Dipas
Dipas

Reputation: 304

pyspark updateStateByKey fails, when calling my function

I'm just trying to run sample code of statefu lstreaming, but it fails with error. Can not get why it occures.

Spark 2.3 with 3.6 python on cloudera vm 5.13.3

Running options:

--master local[*] --queue PyCharmSpark pyspark-shell 

My code is:

from pyspark import SparkConf, SQLContext
from pyspark.sql import SparkSession
from pyspark.streaming import StreamingContext
from pyspark.sql.functions import *

conf = (SparkConf()
       .setAppName("ch2_dstreams_t1.py"))

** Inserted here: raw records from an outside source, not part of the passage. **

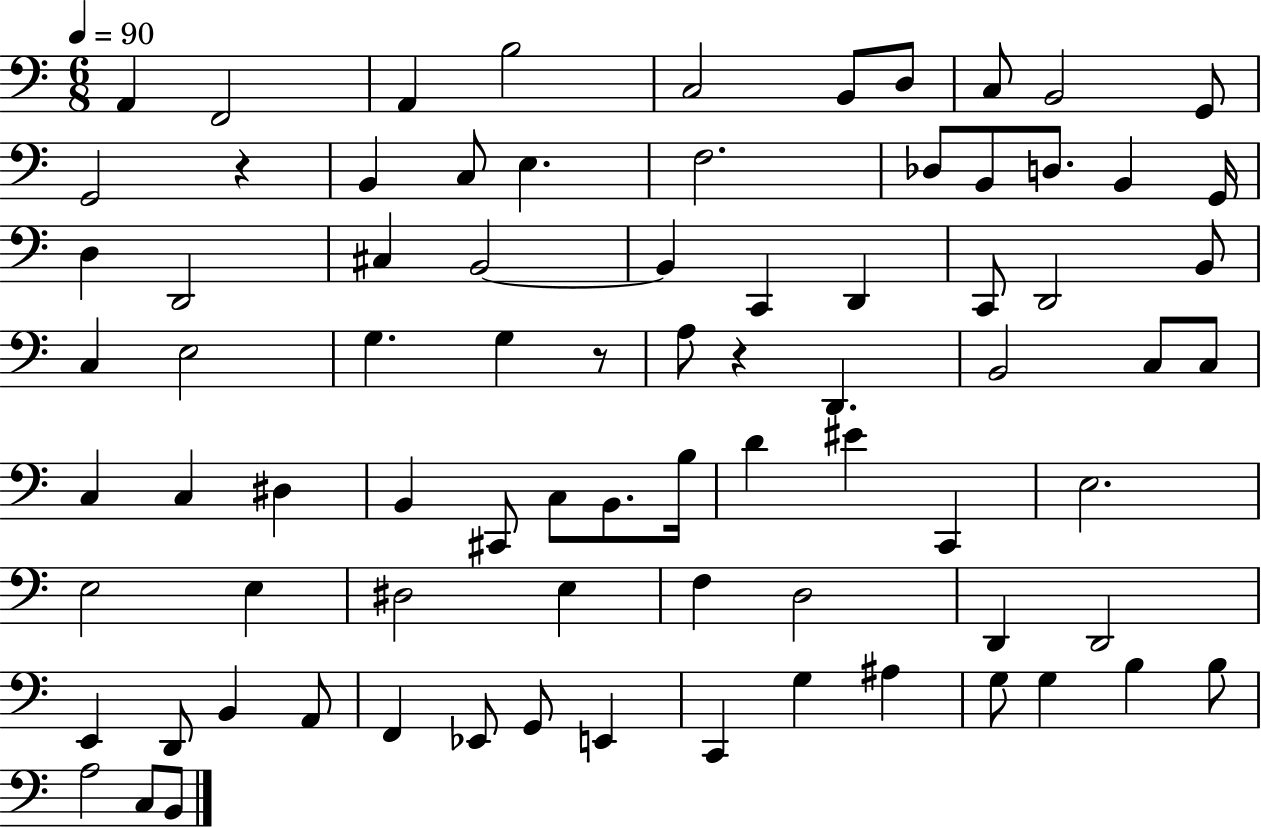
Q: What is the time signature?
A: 6/8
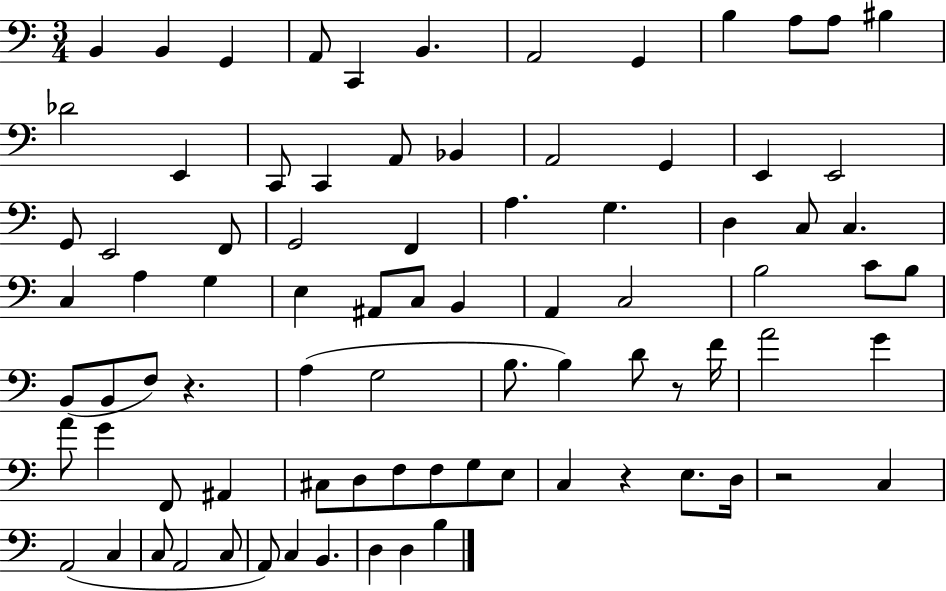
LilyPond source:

{
  \clef bass
  \numericTimeSignature
  \time 3/4
  \key c \major
  b,4 b,4 g,4 | a,8 c,4 b,4. | a,2 g,4 | b4 a8 a8 bis4 | \break des'2 e,4 | c,8 c,4 a,8 bes,4 | a,2 g,4 | e,4 e,2 | \break g,8 e,2 f,8 | g,2 f,4 | a4. g4. | d4 c8 c4. | \break c4 a4 g4 | e4 ais,8 c8 b,4 | a,4 c2 | b2 c'8 b8 | \break b,8( b,8 f8) r4. | a4( g2 | b8. b4) d'8 r8 f'16 | a'2 g'4 | \break a'8 g'4 f,8 ais,4 | cis8 d8 f8 f8 g8 e8 | c4 r4 e8. d16 | r2 c4 | \break a,2( c4 | c8 a,2 c8 | a,8) c4 b,4. | d4 d4 b4 | \break \bar "|."
}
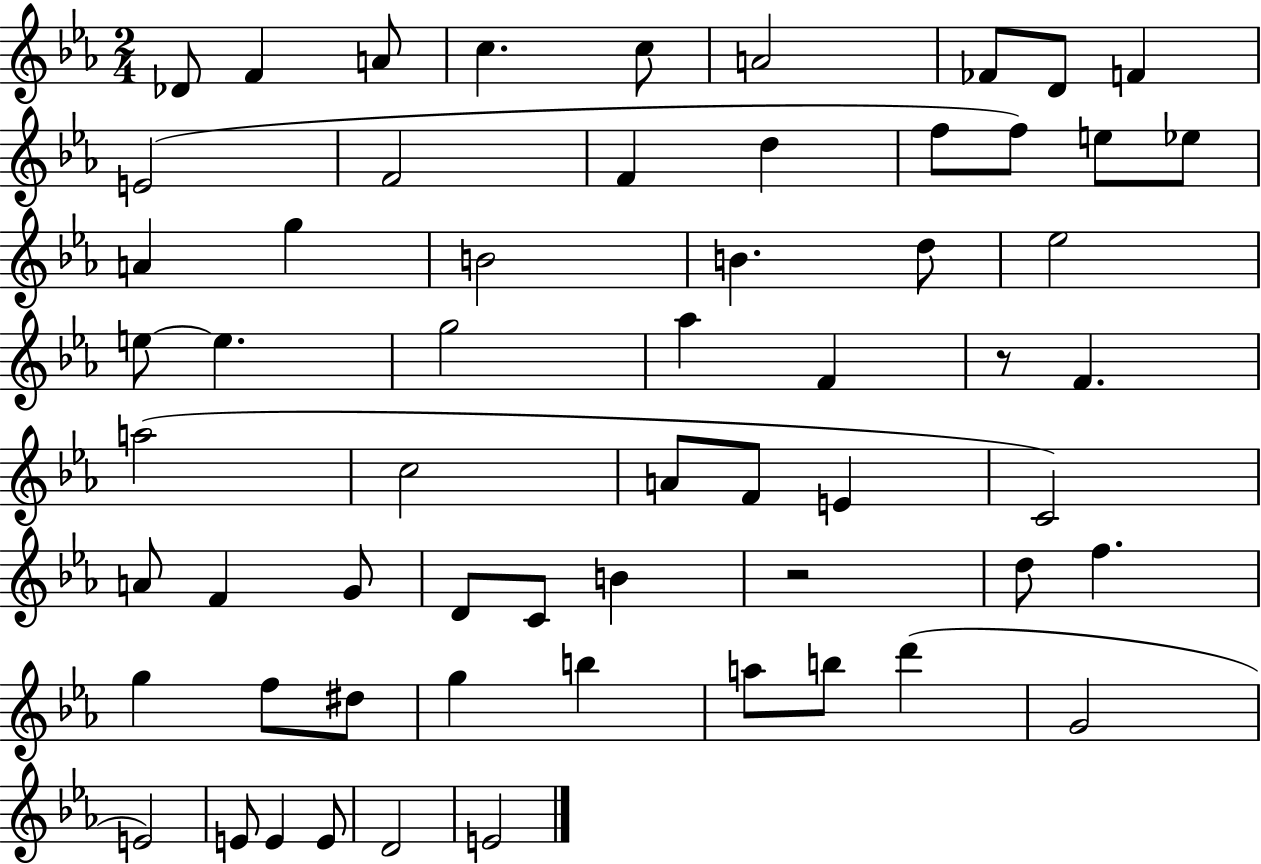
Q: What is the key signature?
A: EES major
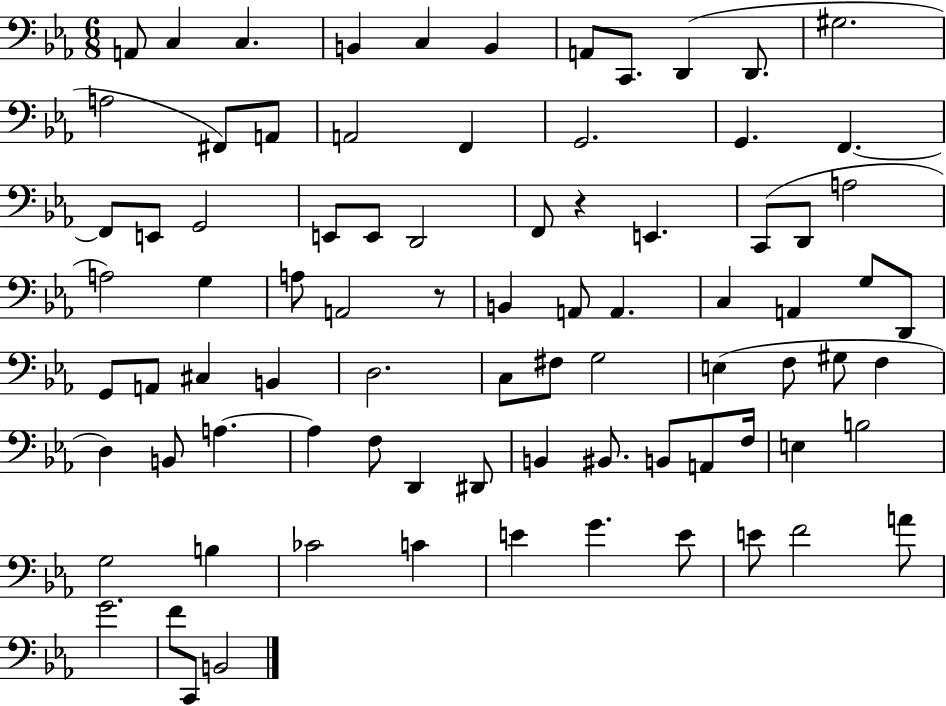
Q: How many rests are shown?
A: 2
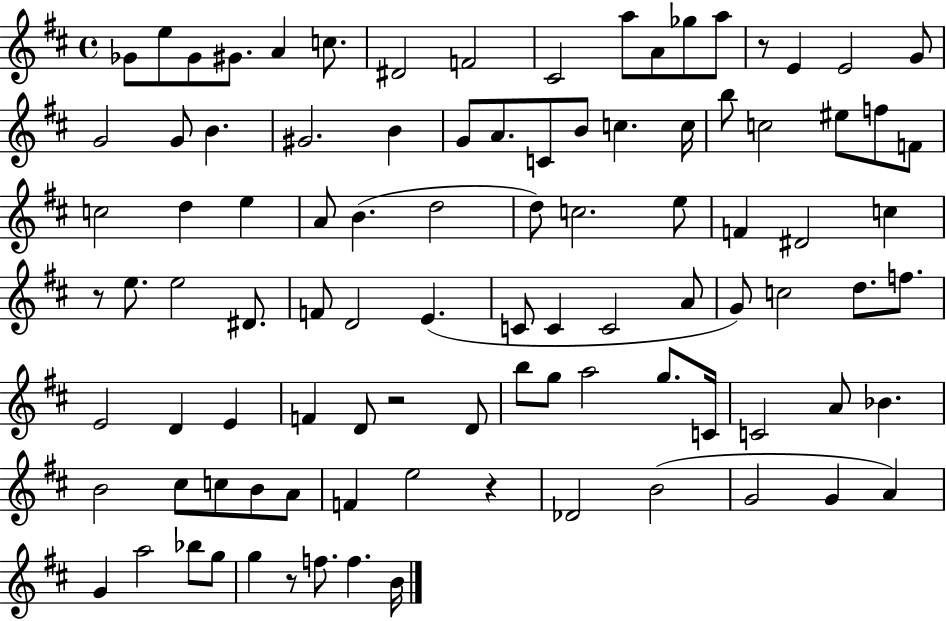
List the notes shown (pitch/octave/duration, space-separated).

Gb4/e E5/e Gb4/e G#4/e. A4/q C5/e. D#4/h F4/h C#4/h A5/e A4/e Gb5/e A5/e R/e E4/q E4/h G4/e G4/h G4/e B4/q. G#4/h. B4/q G4/e A4/e. C4/e B4/e C5/q. C5/s B5/e C5/h EIS5/e F5/e F4/e C5/h D5/q E5/q A4/e B4/q. D5/h D5/e C5/h. E5/e F4/q D#4/h C5/q R/e E5/e. E5/h D#4/e. F4/e D4/h E4/q. C4/e C4/q C4/h A4/e G4/e C5/h D5/e. F5/e. E4/h D4/q E4/q F4/q D4/e R/h D4/e B5/e G5/e A5/h G5/e. C4/s C4/h A4/e Bb4/q. B4/h C#5/e C5/e B4/e A4/e F4/q E5/h R/q Db4/h B4/h G4/h G4/q A4/q G4/q A5/h Bb5/e G5/e G5/q R/e F5/e. F5/q. B4/s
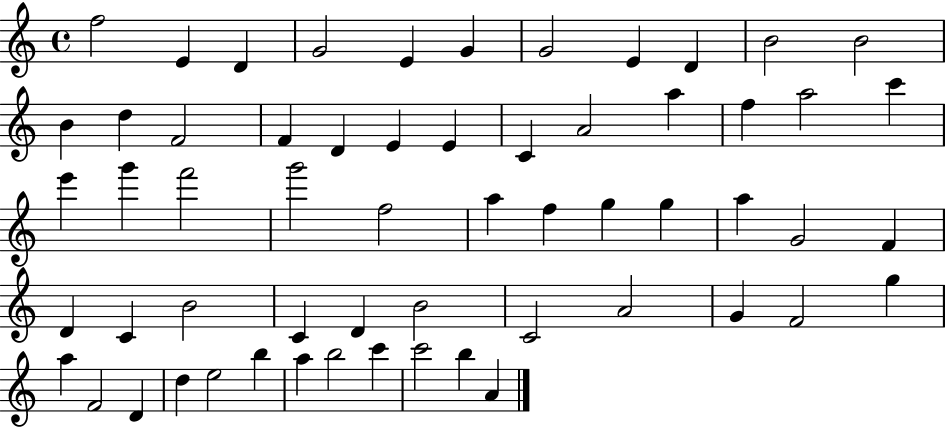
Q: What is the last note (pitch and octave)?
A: A4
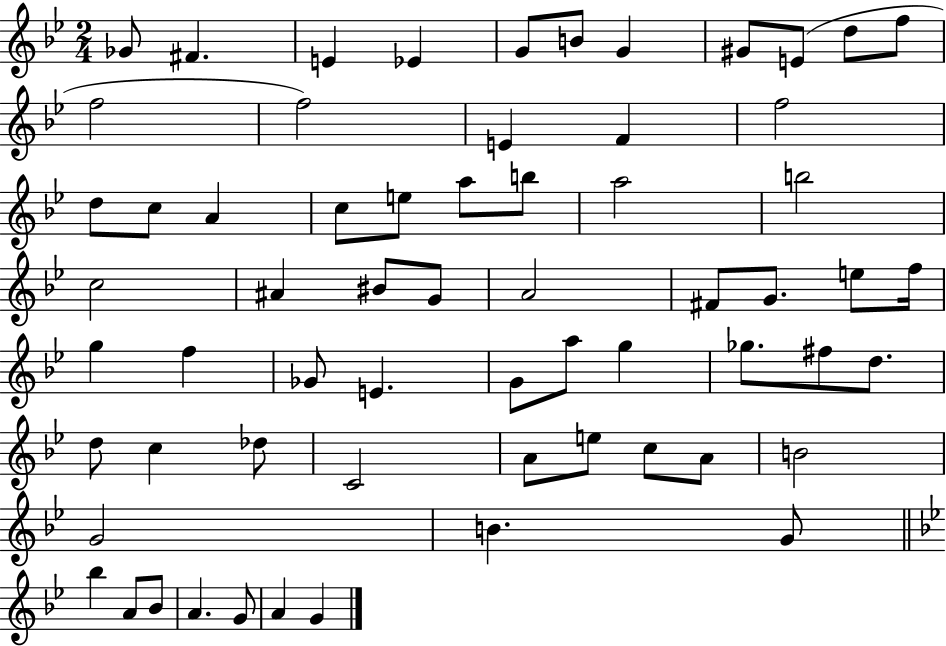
{
  \clef treble
  \numericTimeSignature
  \time 2/4
  \key bes \major
  ges'8 fis'4. | e'4 ees'4 | g'8 b'8 g'4 | gis'8 e'8( d''8 f''8 | \break f''2 | f''2) | e'4 f'4 | f''2 | \break d''8 c''8 a'4 | c''8 e''8 a''8 b''8 | a''2 | b''2 | \break c''2 | ais'4 bis'8 g'8 | a'2 | fis'8 g'8. e''8 f''16 | \break g''4 f''4 | ges'8 e'4. | g'8 a''8 g''4 | ges''8. fis''8 d''8. | \break d''8 c''4 des''8 | c'2 | a'8 e''8 c''8 a'8 | b'2 | \break g'2 | b'4. g'8 | \bar "||" \break \key bes \major bes''4 a'8 bes'8 | a'4. g'8 | a'4 g'4 | \bar "|."
}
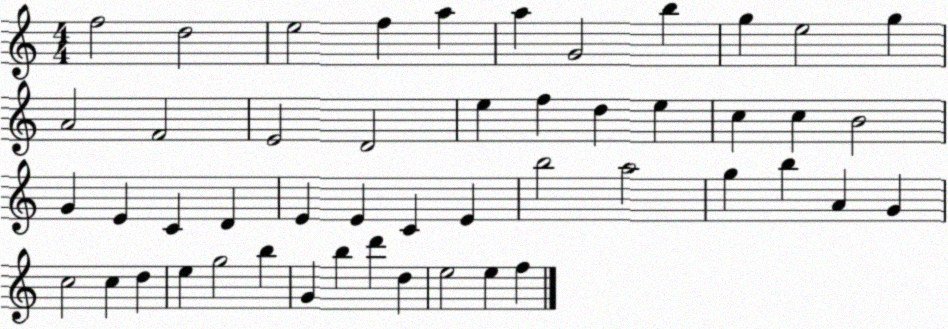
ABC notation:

X:1
T:Untitled
M:4/4
L:1/4
K:C
f2 d2 e2 f a a G2 b g e2 g A2 F2 E2 D2 e f d e c c B2 G E C D E E C E b2 a2 g b A G c2 c d e g2 b G b d' d e2 e f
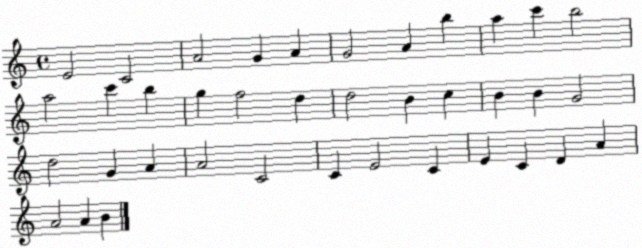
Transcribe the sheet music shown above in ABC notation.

X:1
T:Untitled
M:4/4
L:1/4
K:C
E2 C2 A2 G A G2 A b a c' b2 a2 c' b g f2 d d2 B c B B G2 d2 G A A2 C2 C E2 C E C D A A2 A B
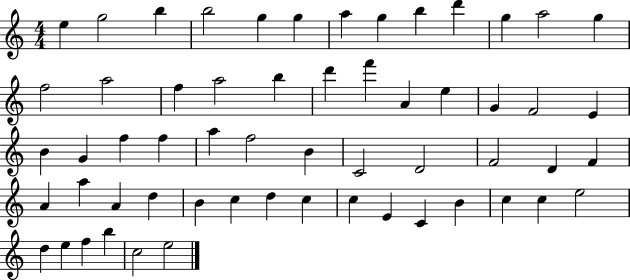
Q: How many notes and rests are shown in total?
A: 58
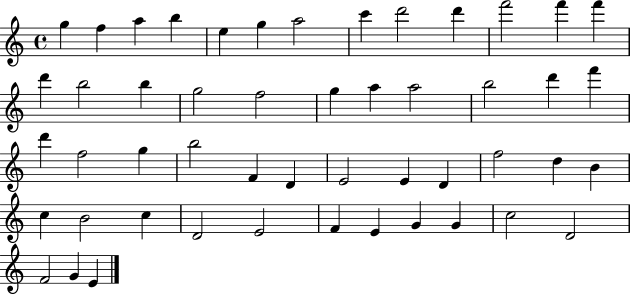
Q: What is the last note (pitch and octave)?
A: E4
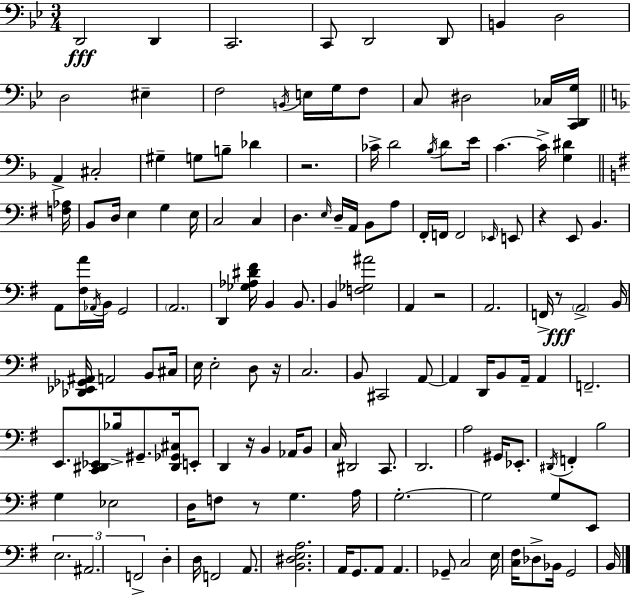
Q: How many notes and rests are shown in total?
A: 145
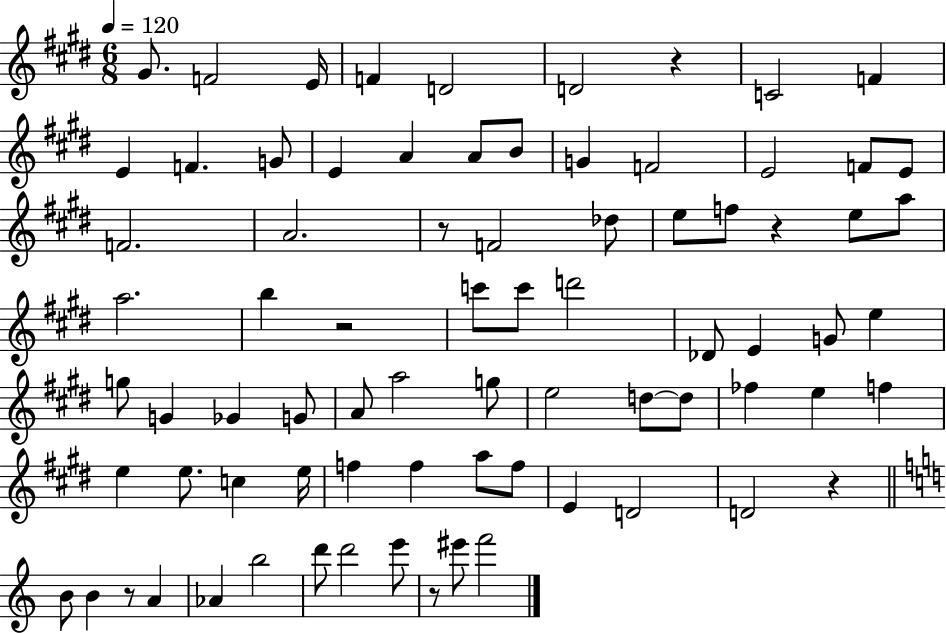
{
  \clef treble
  \numericTimeSignature
  \time 6/8
  \key e \major
  \tempo 4 = 120
  gis'8. f'2 e'16 | f'4 d'2 | d'2 r4 | c'2 f'4 | \break e'4 f'4. g'8 | e'4 a'4 a'8 b'8 | g'4 f'2 | e'2 f'8 e'8 | \break f'2. | a'2. | r8 f'2 des''8 | e''8 f''8 r4 e''8 a''8 | \break a''2. | b''4 r2 | c'''8 c'''8 d'''2 | des'8 e'4 g'8 e''4 | \break g''8 g'4 ges'4 g'8 | a'8 a''2 g''8 | e''2 d''8~~ d''8 | fes''4 e''4 f''4 | \break e''4 e''8. c''4 e''16 | f''4 f''4 a''8 f''8 | e'4 d'2 | d'2 r4 | \break \bar "||" \break \key a \minor b'8 b'4 r8 a'4 | aes'4 b''2 | d'''8 d'''2 e'''8 | r8 eis'''8 f'''2 | \break \bar "|."
}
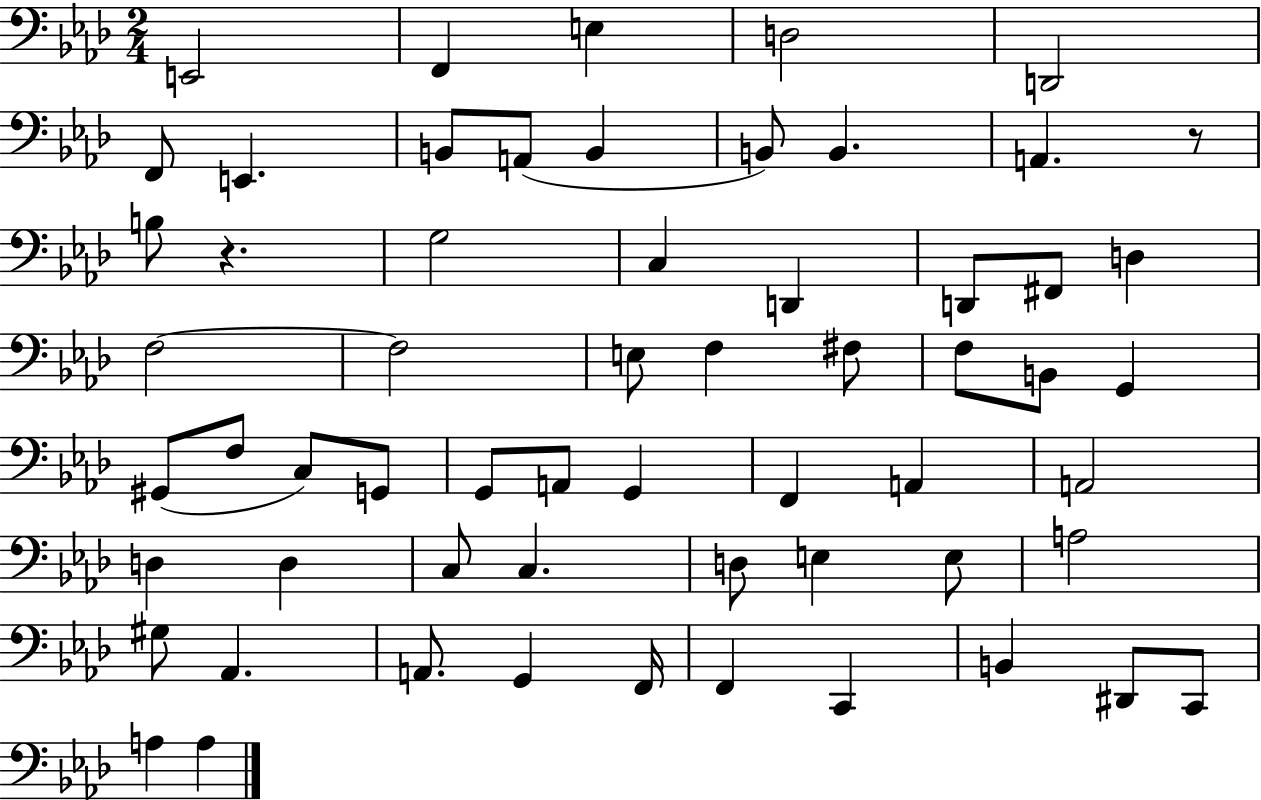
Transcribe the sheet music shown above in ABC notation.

X:1
T:Untitled
M:2/4
L:1/4
K:Ab
E,,2 F,, E, D,2 D,,2 F,,/2 E,, B,,/2 A,,/2 B,, B,,/2 B,, A,, z/2 B,/2 z G,2 C, D,, D,,/2 ^F,,/2 D, F,2 F,2 E,/2 F, ^F,/2 F,/2 B,,/2 G,, ^G,,/2 F,/2 C,/2 G,,/2 G,,/2 A,,/2 G,, F,, A,, A,,2 D, D, C,/2 C, D,/2 E, E,/2 A,2 ^G,/2 _A,, A,,/2 G,, F,,/4 F,, C,, B,, ^D,,/2 C,,/2 A, A,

spark = SparkSession.builder \
     .appName(" ") \
     .config(conf=conf) \
     .getOrCreate()


# Create a local StreamingContext with two working thread and batch interval of 1 second
sc = spark.sparkContext
ssc = StreamingContext(sc, 10)
ssc.checkpoint("checkpoint")

# define the update function
def updatetotalcount(currentcount, countstate):
    if countstate is None:
       countstate = 0
    return sum(currentcount, countstate)

# Create a DStream that will connect to hostname:port, like localhost:9999
lines = ssc.socketTextStream("localhost", 7777)

# Split each line into words
words = lines.flatMap(lambda line: line.split(" "))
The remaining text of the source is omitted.